YOUR INSTRUCTIONS: Reproduce only the lines of the material below that start at the line containing "Fargesia rufa" and stop at the line containing "How long do you bag pillows for lice?". Keep both end lines.

RECORDS FOR THE EXERCISE:
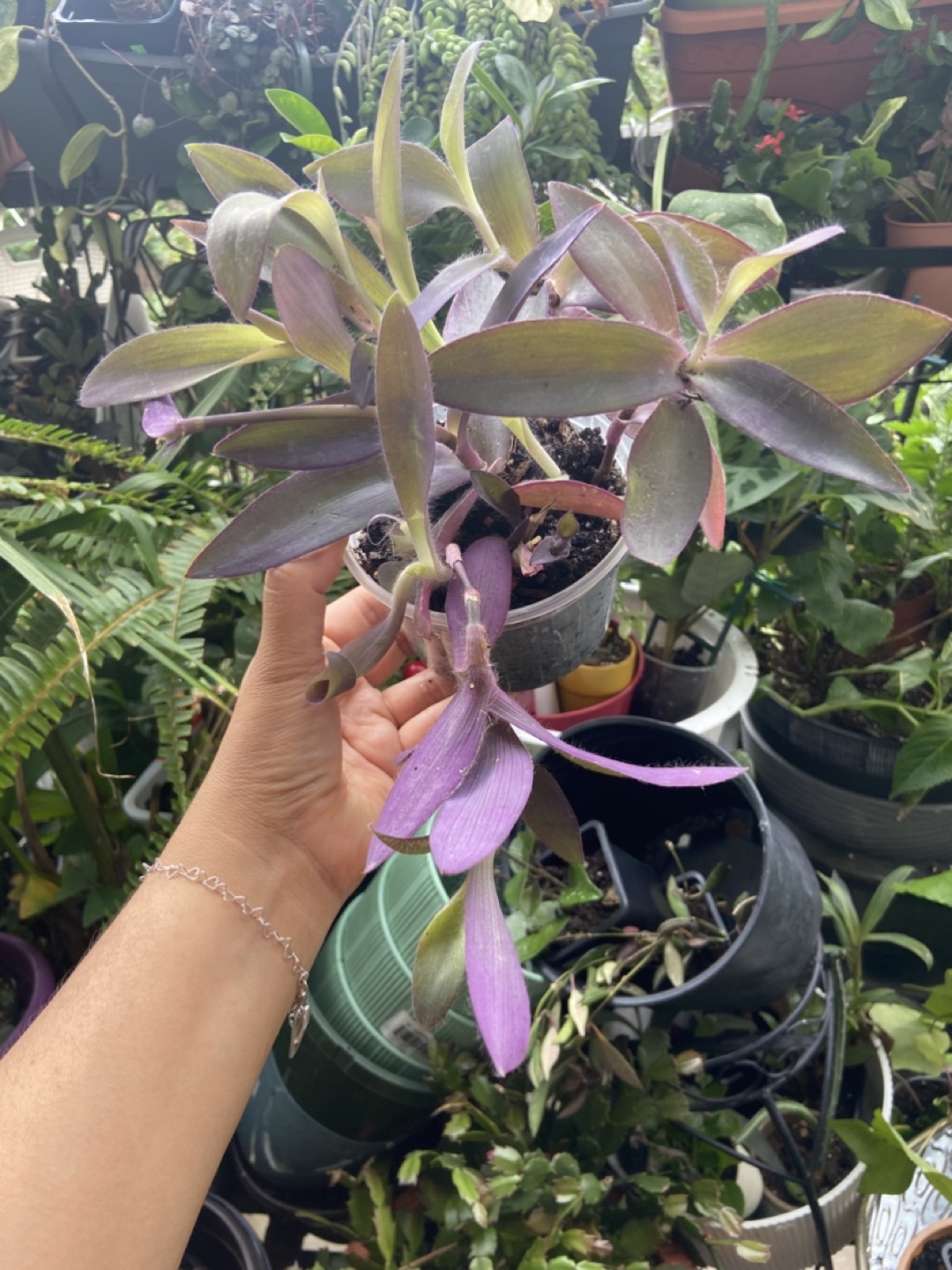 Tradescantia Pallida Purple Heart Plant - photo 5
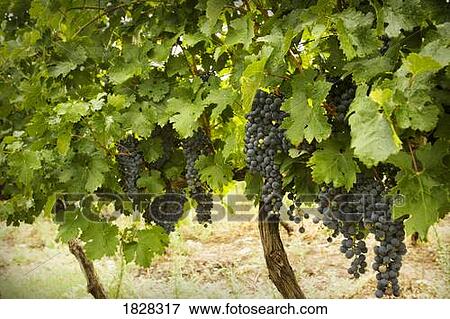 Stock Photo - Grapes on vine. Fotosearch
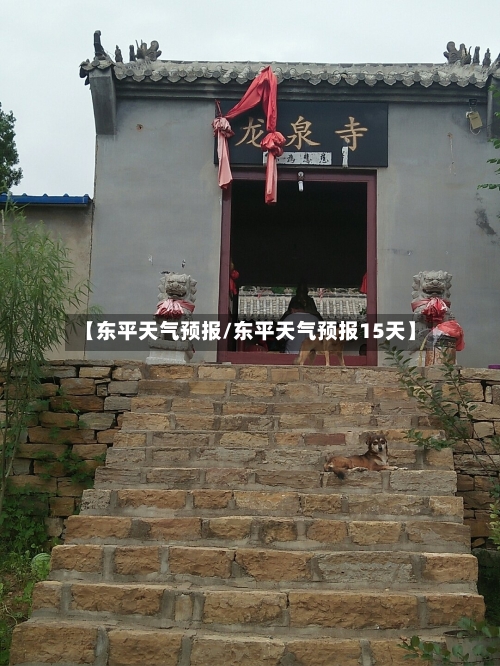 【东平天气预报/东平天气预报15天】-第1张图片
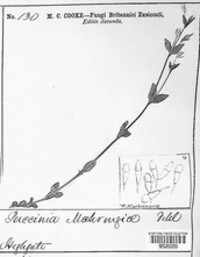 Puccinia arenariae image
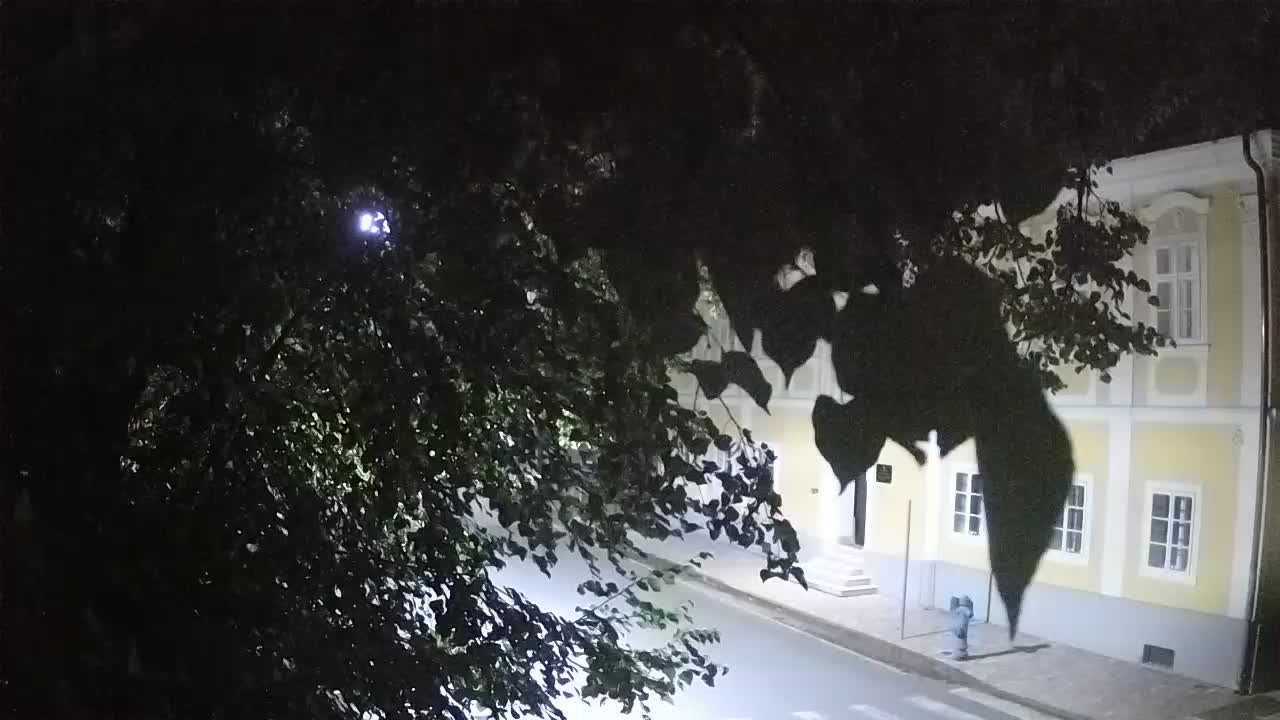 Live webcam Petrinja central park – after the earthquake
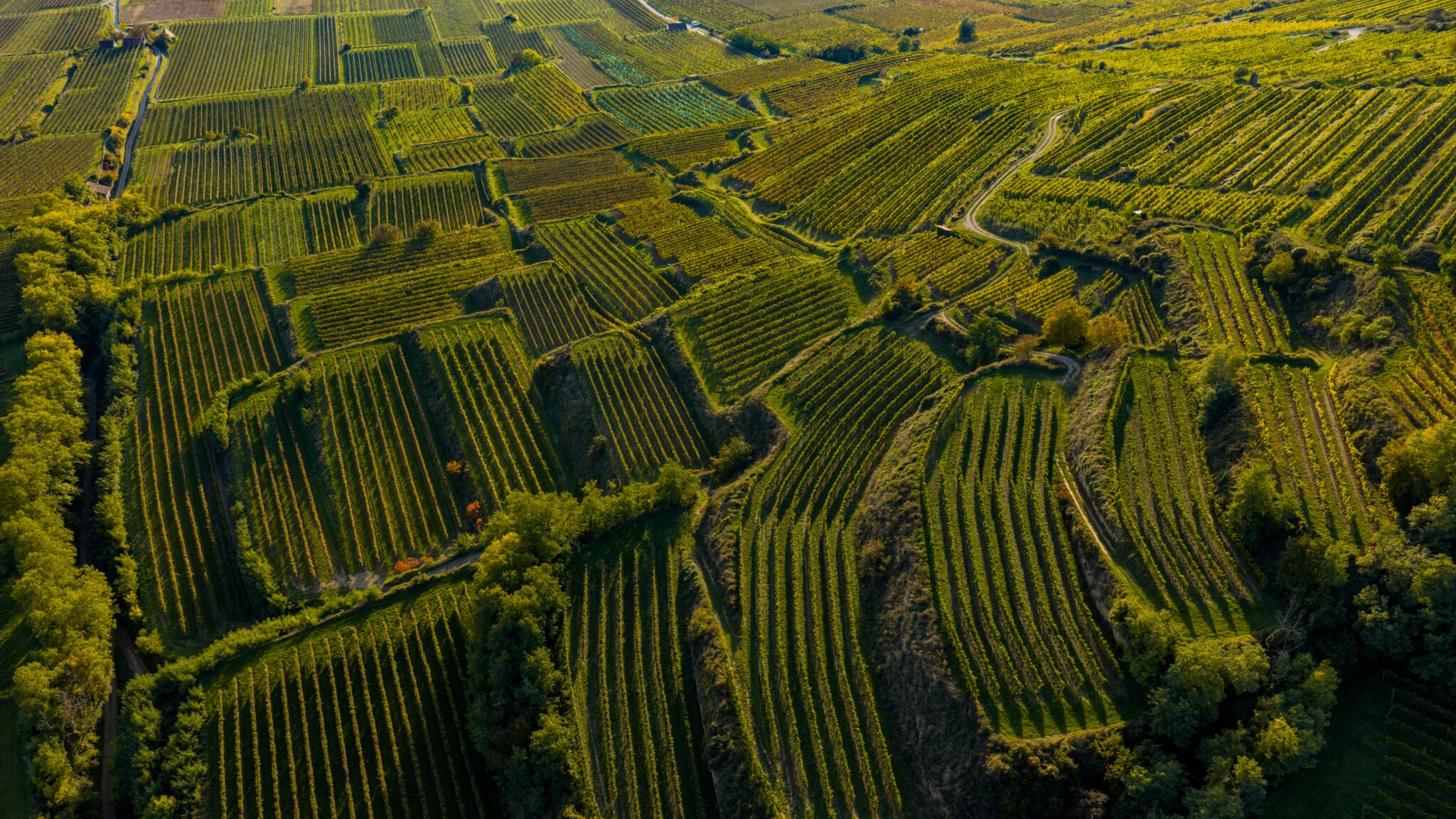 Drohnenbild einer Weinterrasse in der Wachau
* * *
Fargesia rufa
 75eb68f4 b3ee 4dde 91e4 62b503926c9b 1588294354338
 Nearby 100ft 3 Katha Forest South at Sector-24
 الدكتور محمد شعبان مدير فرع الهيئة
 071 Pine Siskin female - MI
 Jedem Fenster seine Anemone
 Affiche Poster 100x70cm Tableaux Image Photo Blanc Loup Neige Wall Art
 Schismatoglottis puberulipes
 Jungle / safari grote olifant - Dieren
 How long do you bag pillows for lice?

RESULT OF THE EXERCISE:
Fargesia rufa
 75eb68f4 b3ee 4dde 91e4 62b503926c9b 1588294354338
 Nearby 100ft 3 Katha Forest South at Sector-24
 الدكتور محمد شعبان مدير فرع الهيئة
 071 Pine Siskin female - MI
 Jedem Fenster seine Anemone
 Affiche Poster 100x70cm Tableaux Image Photo Blanc Loup Neige Wall Art
 Schismatoglottis puberulipes
 Jungle / safari grote olifant - Dieren
 How long do you bag pillows for lice?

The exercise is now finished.